— Problem details —
Include in the output the line containing "旺意香-三杯猴頭菇(全素)500g 歷史價格詳細信息" and each subsequent line of the records, through the end, transcribed exactly. Add nothing else.

Short web captions

· · ·

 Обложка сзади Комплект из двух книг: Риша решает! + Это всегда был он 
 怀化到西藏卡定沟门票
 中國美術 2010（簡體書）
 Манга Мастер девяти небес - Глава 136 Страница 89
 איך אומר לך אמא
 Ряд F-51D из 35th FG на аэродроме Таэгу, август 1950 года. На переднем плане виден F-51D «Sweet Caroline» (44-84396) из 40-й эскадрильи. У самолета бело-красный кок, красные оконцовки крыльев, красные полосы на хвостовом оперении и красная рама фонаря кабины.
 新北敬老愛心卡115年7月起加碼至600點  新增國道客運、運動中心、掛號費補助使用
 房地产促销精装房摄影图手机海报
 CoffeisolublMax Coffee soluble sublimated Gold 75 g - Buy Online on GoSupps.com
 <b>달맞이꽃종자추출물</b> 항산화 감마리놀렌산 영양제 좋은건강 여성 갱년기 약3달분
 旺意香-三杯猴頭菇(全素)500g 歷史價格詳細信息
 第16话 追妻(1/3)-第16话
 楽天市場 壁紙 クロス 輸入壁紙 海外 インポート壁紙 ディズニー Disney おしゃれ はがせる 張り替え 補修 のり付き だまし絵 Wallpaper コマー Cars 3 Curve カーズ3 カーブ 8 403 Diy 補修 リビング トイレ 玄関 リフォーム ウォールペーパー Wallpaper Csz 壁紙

· · ·

— Output for this exercise —
 旺意香-三杯猴頭菇(全素)500g 歷史價格詳細信息
 第16话 追妻(1/3)-第16话
 楽天市場 壁紙 クロス 輸入壁紙 海外 インポート壁紙 ディズニー Disney おしゃれ はがせる 張り替え 補修 のり付き だまし絵 Wallpaper コマー Cars 3 Curve カーズ3 カーブ 8 403 Diy 補修 リビング トイレ 玄関 リフォーム ウォールペーパー Wallpaper Csz 壁紙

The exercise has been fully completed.